→ **EXERCISE GOAL**:
The expected result is an exact copy of the lines from the one holding "Watercolor fishing pole" to the last line of the material, with pictures removed and nothing added.

──────── GIVEN DATA ────────

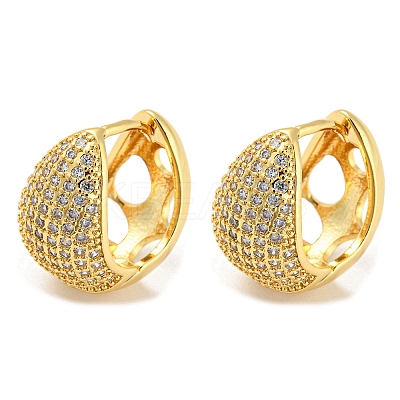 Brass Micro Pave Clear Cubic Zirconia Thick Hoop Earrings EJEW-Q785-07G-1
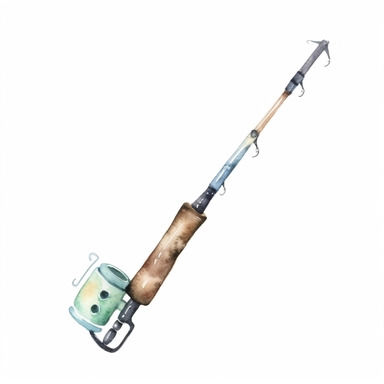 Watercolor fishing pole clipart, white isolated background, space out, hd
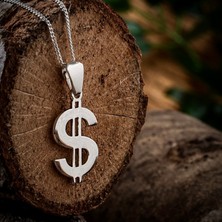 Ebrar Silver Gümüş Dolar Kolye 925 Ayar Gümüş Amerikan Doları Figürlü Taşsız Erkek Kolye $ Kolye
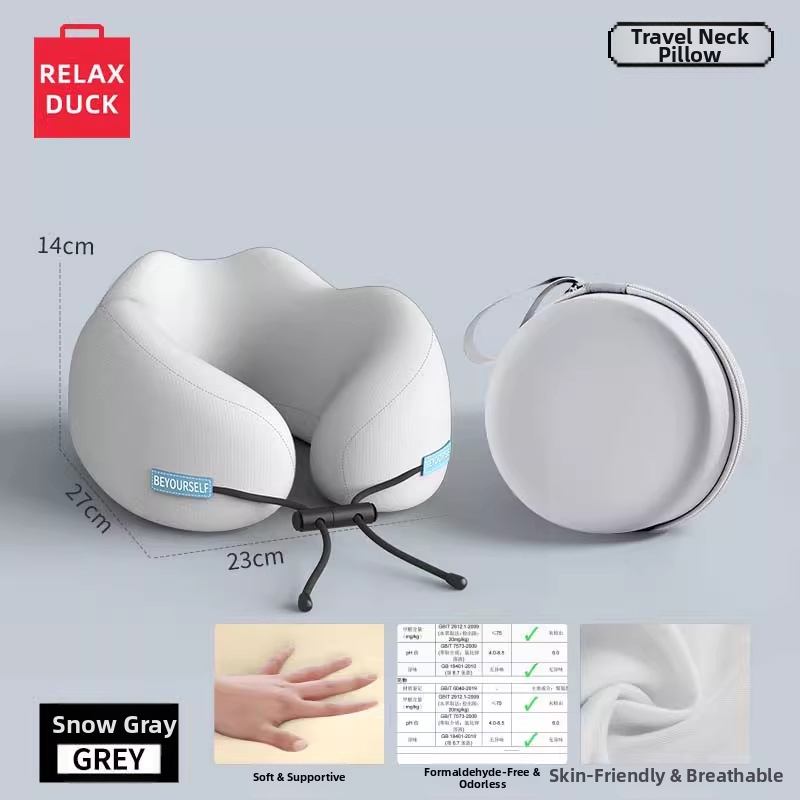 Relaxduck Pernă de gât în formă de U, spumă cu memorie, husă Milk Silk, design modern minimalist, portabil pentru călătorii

────────

→ **RESPONSE TO THIS EXERCISE**:
 Watercolor fishing pole clipart, white isolated background, space out, hd
 Ebrar Silver Gümüş Dolar Kolye 925 Ayar Gümüş Amerikan Doları Figürlü Taşsız Erkek Kolye $ Kolye
 Relaxduck Pernă de gât în formă de U, spumă cu memorie, husă Milk Silk, design modern minimalist, portabil pentru călătorii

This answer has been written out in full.